**YOUR INSTRUCTIONS**
Could you retype the lines below, starting at the line holding "201 17 Davidson Terrace Joondalup WA 6027" and stopping at the line holding "Hotel Roc Oberoy Mallorca", inclusive? Copy them exactly and drop the images.

DATA PROVIDED Block Start

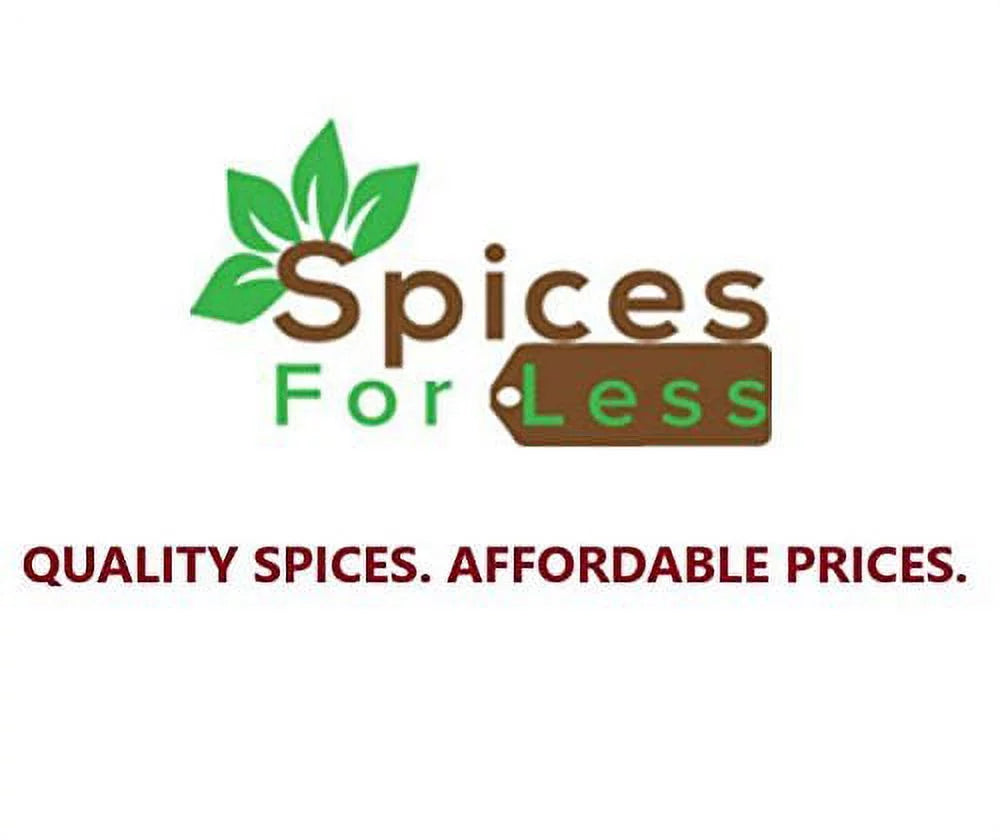 Mustard Seeds Whole 10 lbs S73044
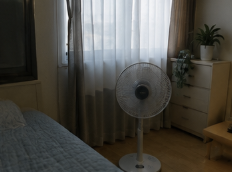 에너지 바우처 신청 방법https://www.bokjiro.go.kr/ssis-tbu/index.do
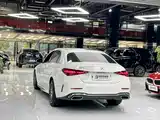 Фото 11 - Mercedes-Benz C-Class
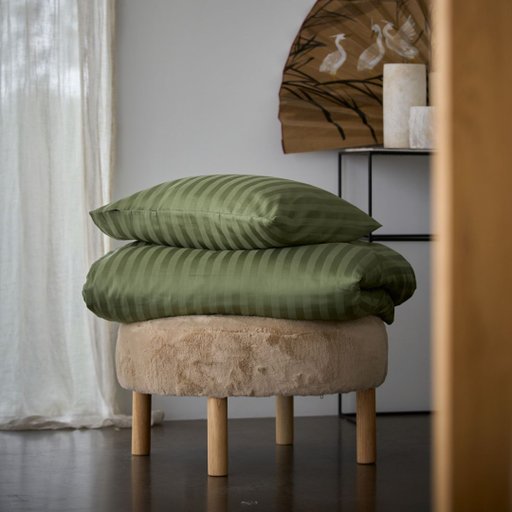 London Satin 2-delar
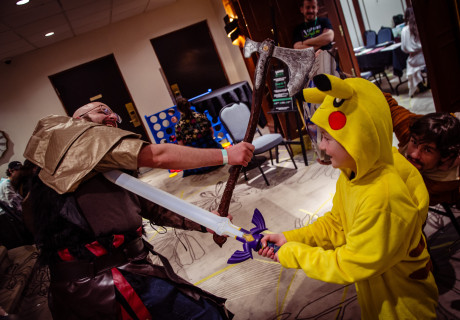 cosplay-1323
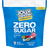 Jolly Rancher Jolly Rancher Zero Sugar Assorted Fruit Flavored 172g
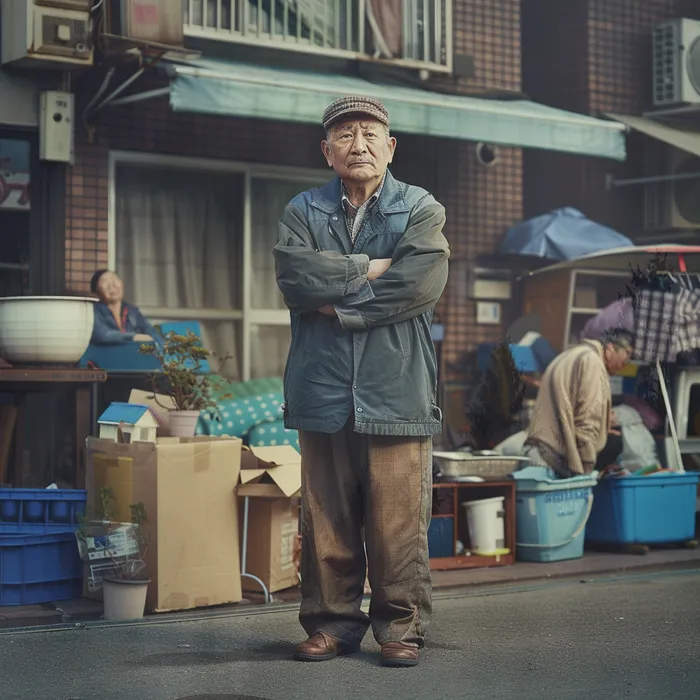개인회생 금지명령 후 보정권고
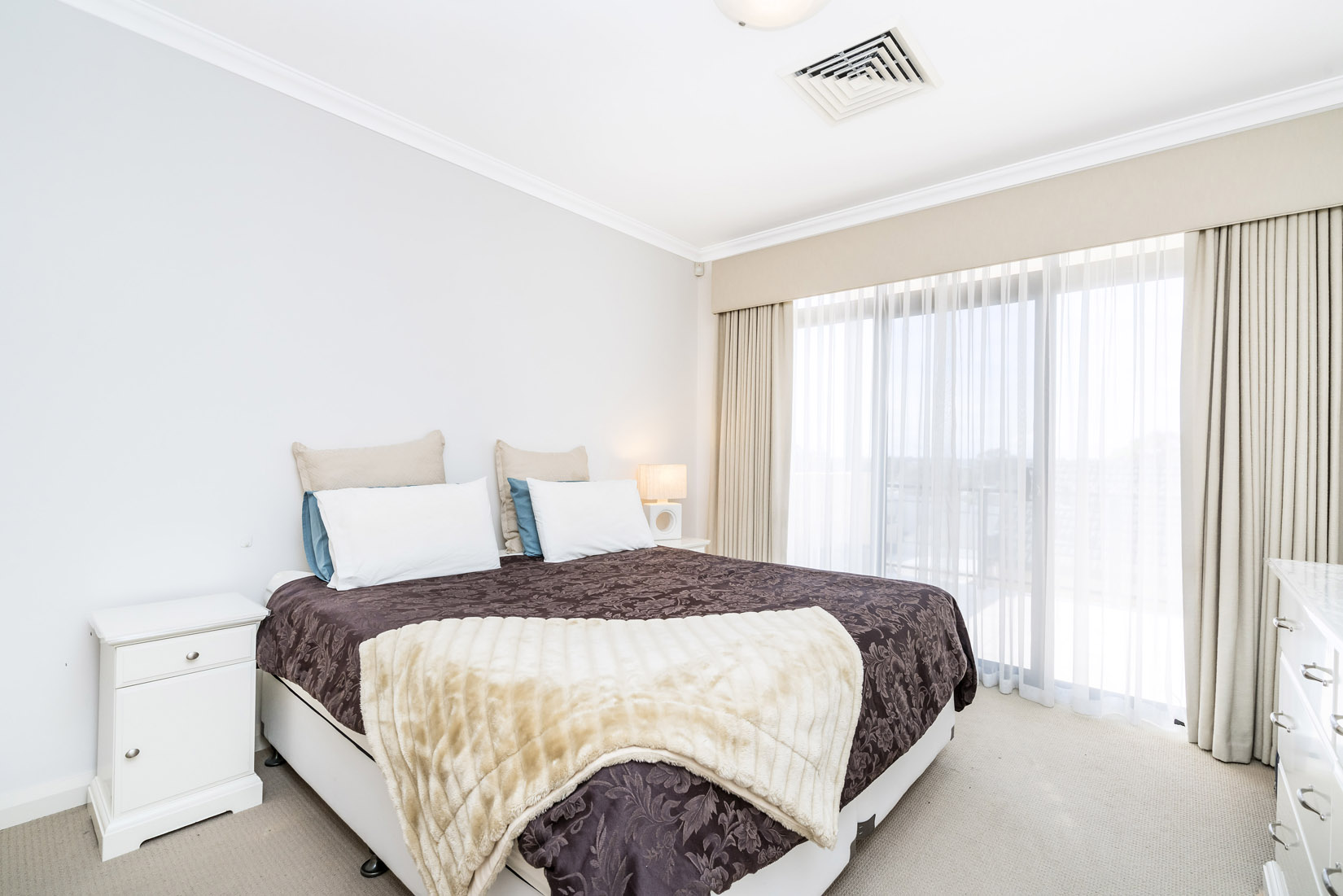 201 17 Davidson Terrace Joondalup WA 6027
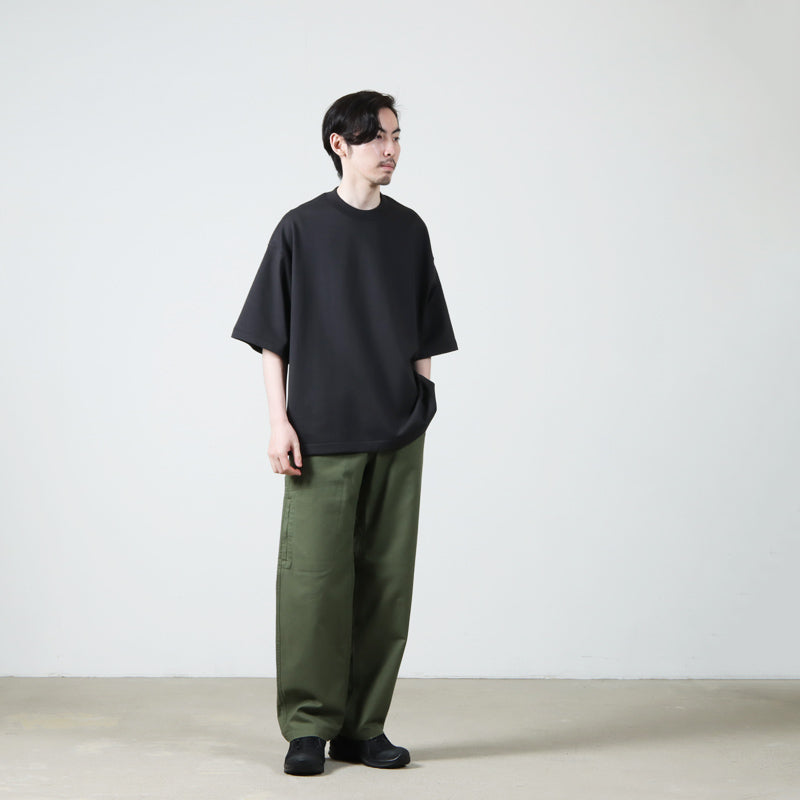 GRAMICCI(グラミチ) GROUND UP PANTS #MEN 画像8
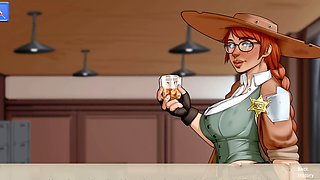 Animated, hd videos, toon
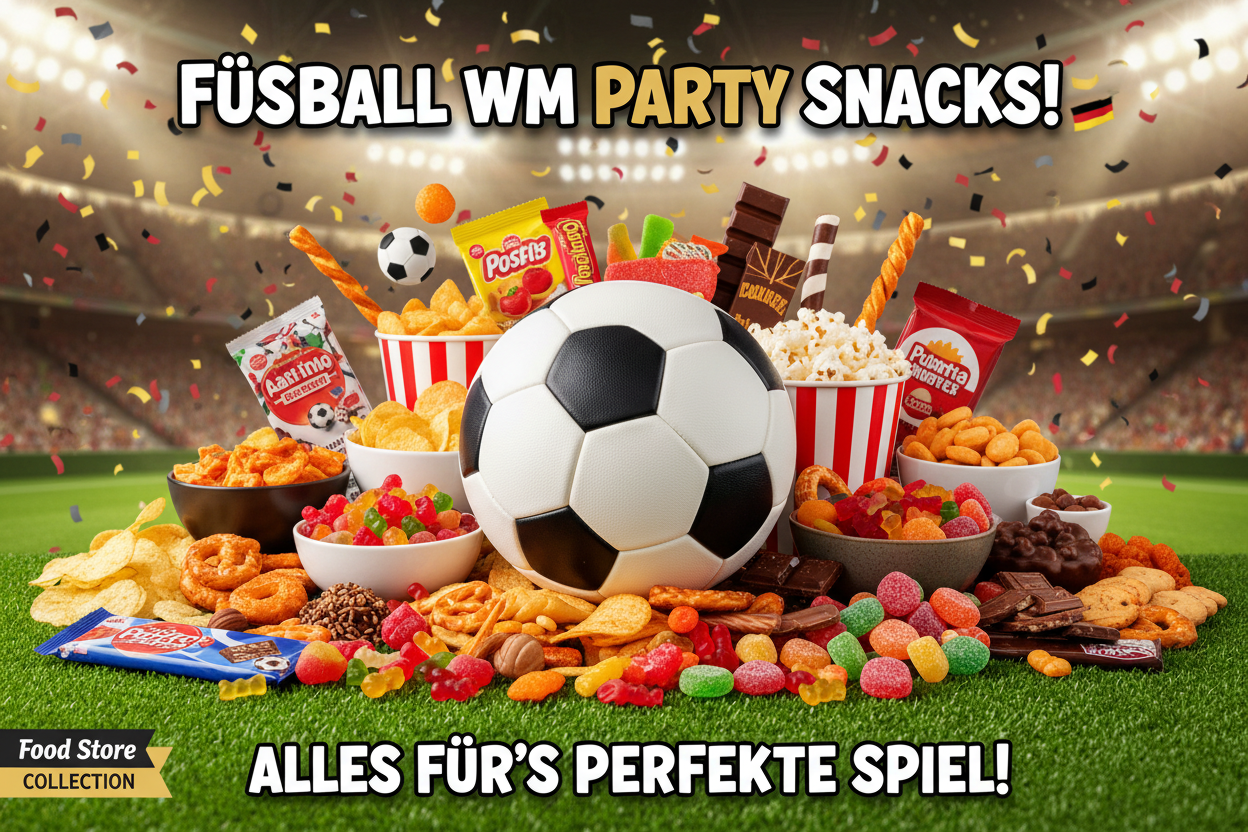 Fußball
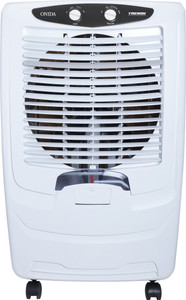 Onida cooler hot sale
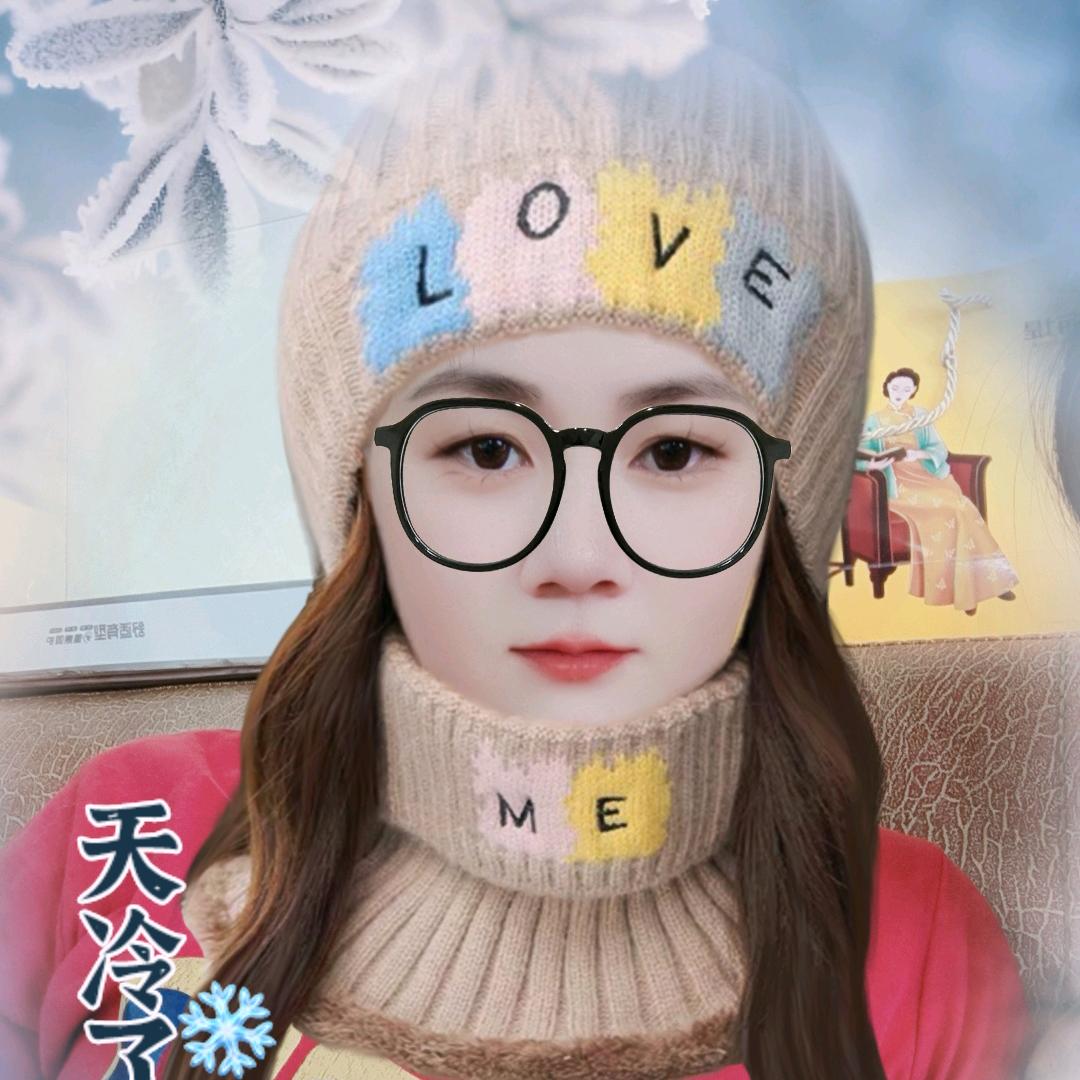 燕子好物分享💝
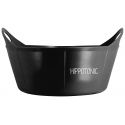 Contenedor flexible HIPPOTONIC 15L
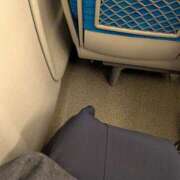 ヒメ日記 2025/08/13 09:59 投稿 あずさ 奥様鉄道69 岡山店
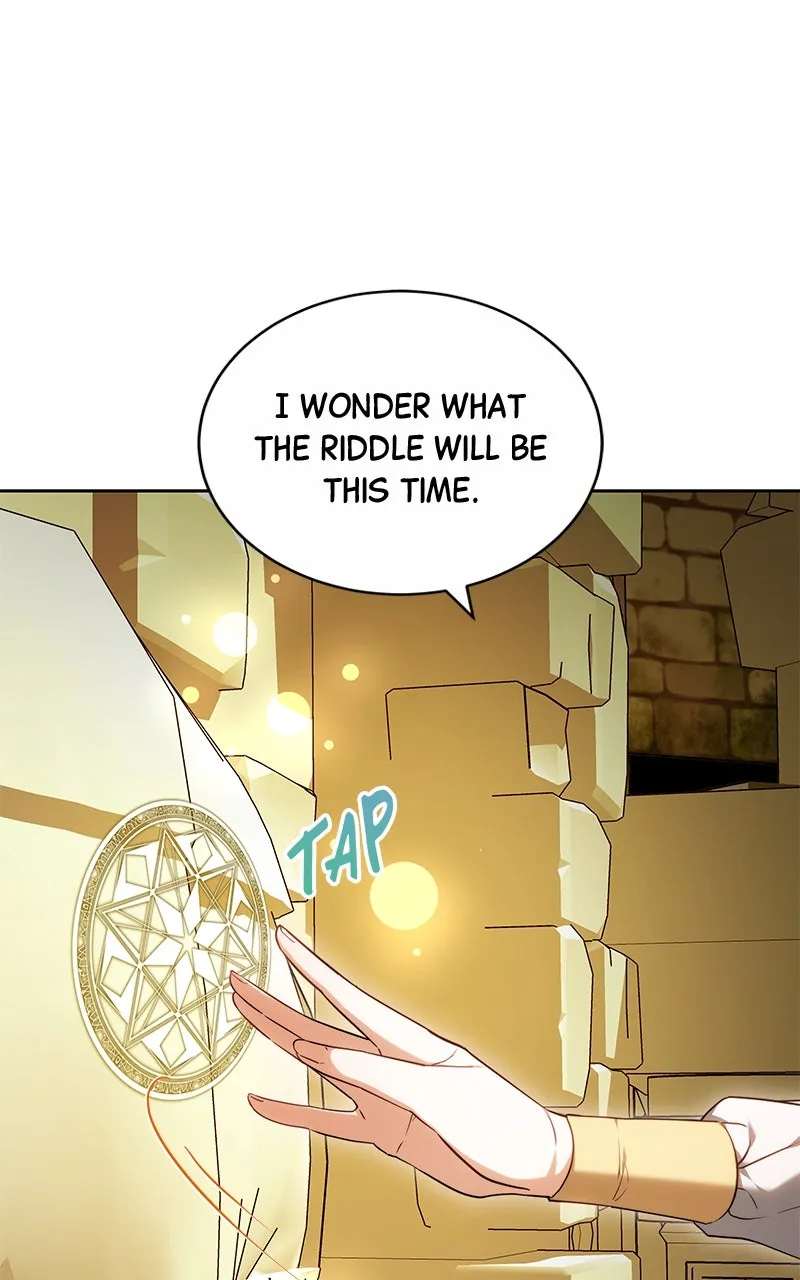 Read Obsidian Bride chapter 34 image 140 on Lezhin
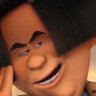 TheRalfster237's profile picture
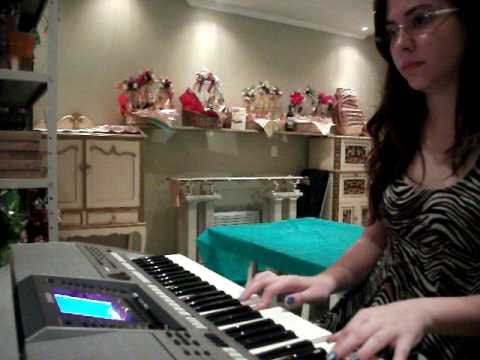 Chegou A Bonitona - Luiz Melodia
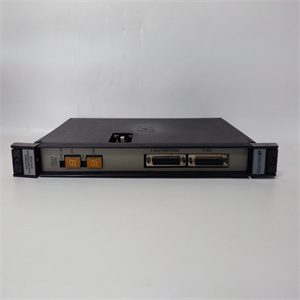 57C435说明手册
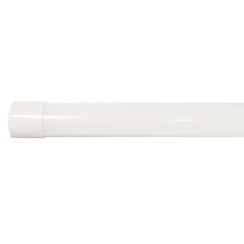 V-TAC bande linéaire led 1x50 W blanc 23681
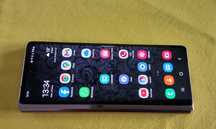 Samsung Galaxy Fold2 ecran mare defect
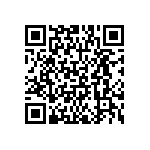 EHT-114-01-TM-D QRCode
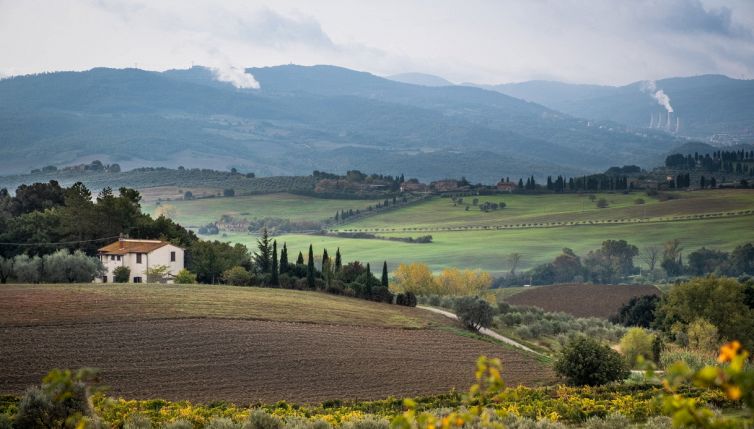 In questa città italiana le bollette costano la metà: come fanno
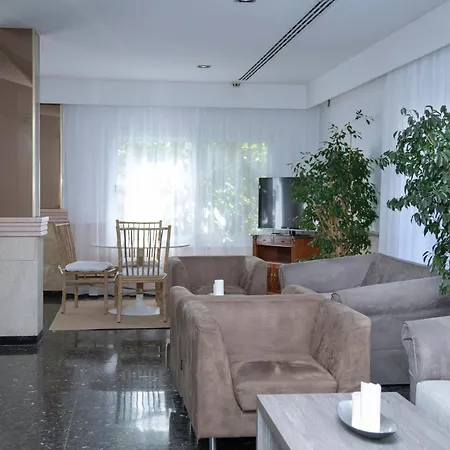 Hotel Roc Oberoy Mallorca
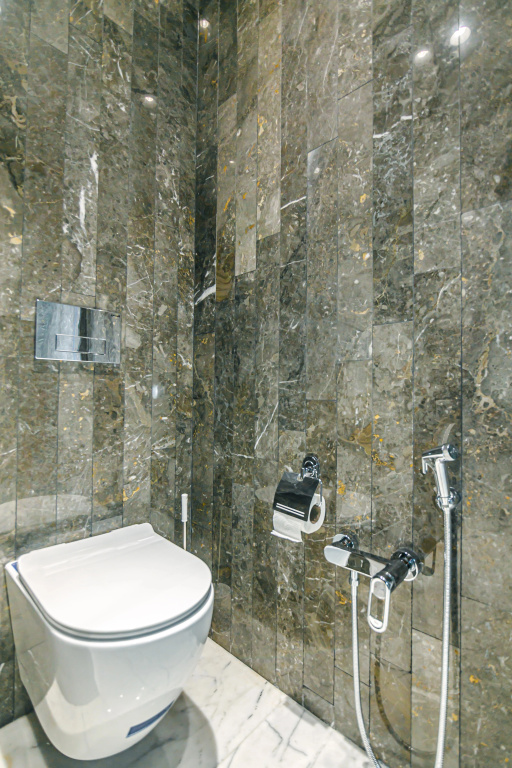 Апартаменты VIP Knightsbridge Residence White City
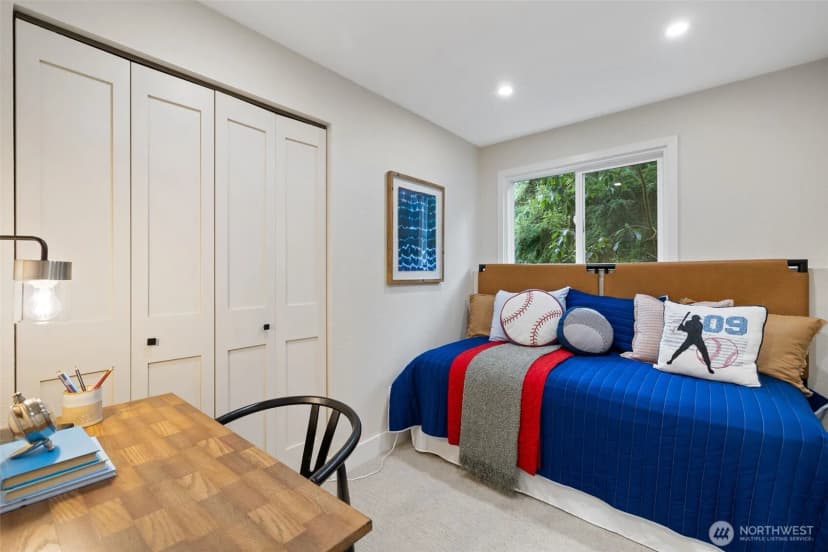 Property photo for 22017 1st Place W, Bothell photo 15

DATA PROVIDED Block End

**WRITTEN SOLUTION**
 201 17 Davidson Terrace Joondalup WA 6027
 GRAMICCI(グラミチ) GROUND UP PANTS #MEN 画像8
 Animated, hd videos, toon
 Fußball
 Onida cooler hot sale
 燕子好物分享💝
 Contenedor flexible HIPPOTONIC 15L
 ヒメ日記 2025/08/13 09:59 投稿 あずさ 奥様鉄道69 岡山店
 Read Obsidian Bride chapter 34 image 140 on Lezhin
 TheRalfster237's profile picture
 Chegou A Bonitona - Luiz Melodia
 57C435说明手册
 V-TAC bande linéaire led 1x50 W blanc 23681
 Samsung Galaxy Fold2 ecran mare defect
 EHT-114-01-TM-D QRCode
 In questa città italiana le bollette costano la metà: come fanno
 Hotel Roc Oberoy Mallorca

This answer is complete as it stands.